Si belle, qu’un berger, affalé à l’ombre d’un arbre, caressait paresseusement son chien couché sur son flanc. Plus loin, un troupeau de moutons paissait tranquillement dans un carré délimité par une clôture. Et tandis que la somnolence gagnait le pâtre, un marchand apparut, surgit de nulle part.

Tirée par deux ânes fatigués, celui-ci arrêta sa chariote brinquebalante à l’orée du champ où broutait le troupeau.

Agglutinés les uns aux autres, les moutons s’occupaient de brouter, vaille que vaille.

Le commerçant, vêtu d’un vieux pourpoint, d’un pantalon élimé et de guêtres usées, sauta à terre. Il ôta son haut-de-forme.

Les moutons s’arrêtèrent de brouter et l’observèrent l’œil rond, des restes d’herbe fichés entre leurs chicots.

— Mes amis ! fanfaronna l’homme.

Les moutons échangèrent des regards interloqués.

— Oui vous ! C’est votre jour de chance.

— Vous… vous parlez notre langue ? dit un mouton proche de la clôture.

— Mais évidemment, et ce, grâce à mon remède miracle : le Porcinium !

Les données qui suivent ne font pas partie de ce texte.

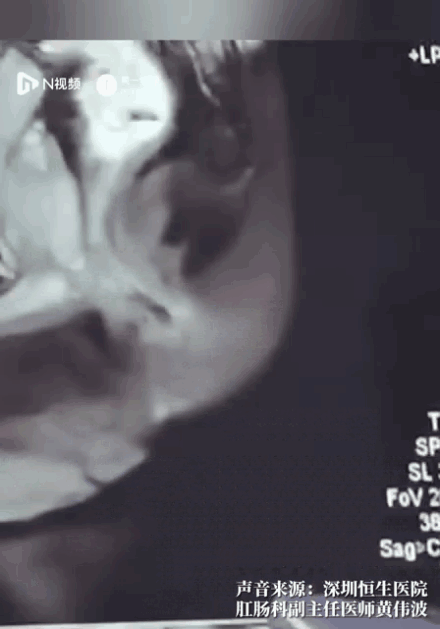 640?wx_fmt=gif&wxfrom=5&wx_lazy=1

— Le Porcinium ? s’écrièrent de concert les bovidés en oubliant soudainement qu’un
humain puisse s’adresser à eux.

L’homme, ravi d’avoir captivé son auditoire, tira sur une cordelette, geste qui eut pour effet de remonter la bâche qui recouvrait les arceaux du chariot. Il découvrit un meuble constellé de petites fioles d’herboriste.

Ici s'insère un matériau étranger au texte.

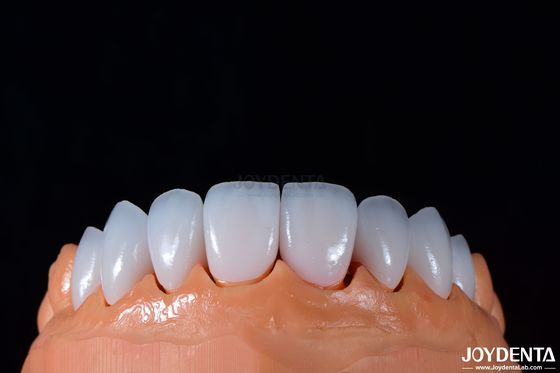 0.3-0.5mm Dicke Emax Porzellanfolie für hochglänzende kosmetische Zahnmedizin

Les moutons émirent un bêlement de stupéfaction.

— Oui, le Porcinium mes bons amis. L’élixir de jouvence. Celui qui vous apportera vigueur, jeunesse, et vous fera oublier vos membres perclus de douleurs.

Tous trépignèrent sur place avant qu’un mouton, avancé dans l’âge, fendit le troupeau.

— Qu’exigez-vous en échange ? Nous n’avons pas cet « argent » dont se servent les humains.

La bouche du marchand s’étira sur un sourire carnassier.

— Oh, ce ne sera rien qu’une petite chose qui ne vous est d’aucune utilité ici-bas… Votre âme.

— L’âme ? Nous n’en possédons pas si l’on en croit les hommes qui nous gardent.

— Alors, le problème est résolu, n’est-ce pas ? rétorqua l’homme.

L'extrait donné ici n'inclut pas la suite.